23-08-2015, 09:53
Witajcie kochani, jak zawsze moja ciekawość i zamiłowanie do tematyki związanej z tematem jaki nadałam temu wątkowi, skłoniły mnie do założenia tego wątku i do zadania tego pytania
Mam nadzieję, że nie jest to niezgodne z regulaminem, czytałam regulaminy tego forum i moim zdaniem nie naruszam żadnych zasad
Oczywiście jeśli wątek założyłam w złym dziale to serdecznie prosiłabym o przeniesienie go tam gdzie powinien być.

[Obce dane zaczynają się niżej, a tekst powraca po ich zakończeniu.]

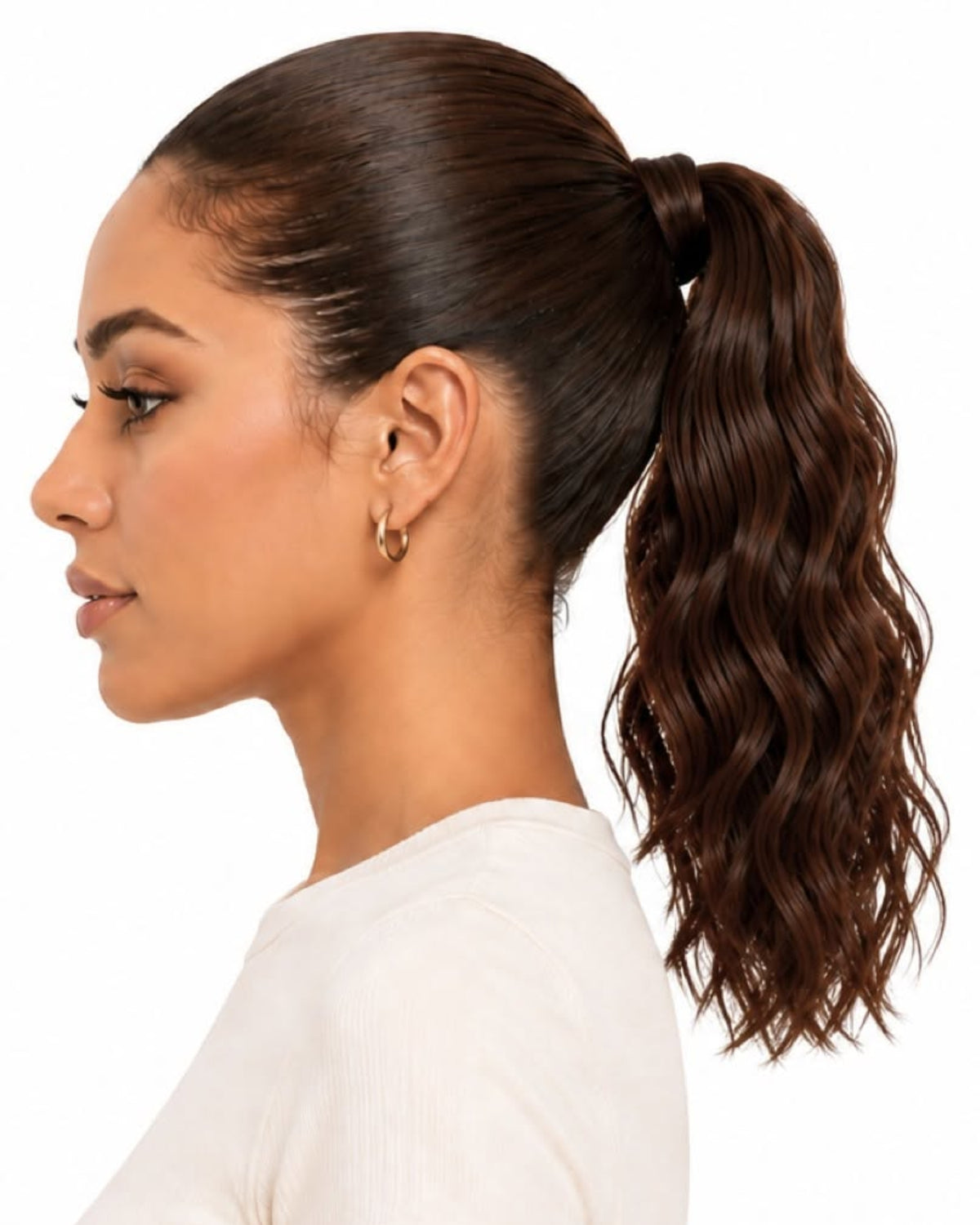 Brown wavy human hair wrap-around ponytail, 40cm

Chciałabym byście mogli tutaj opisać swoje spotkania z istotami, które nie są ludźmi. Mogą być to demony, anioły, duchy i tym podobne.
Być może ktoś kiedyś miał niewyjaśnione zdarzenie, spotkanie, sytuację, a dzięki historiom zawartym tutaj dowie się co mogło się wydarzyć, z czym miał do czynienia
Ja osobiście nie miałam wiele niezwykłych sytuacji, było ich zaledwie kilka
Opowiem Wam swoją historię
Kilka lat temu, zmarł ojciec mojej młodszej siostry (były partner mojej mamy). W dzień jego śmierci, stałam z mamą w kuchni.
Na blacie stał czajnik, w którym nie było wody, ale był podłączony do prądu. I nagle się włączył, oczywiście moja mama myślała, że to ja włączyłam i wszczęła awanturę, że spalę dom i nie myślę i włączam czajnik, w którym nie ma wody. I nic nie pomogły tłumaczenia, że to nie ja.
Sytuacja tego dnia powtórzyła się kilkanaście razy i ciągle to mi się dostawało. Czajnik włączał się i wyłączał.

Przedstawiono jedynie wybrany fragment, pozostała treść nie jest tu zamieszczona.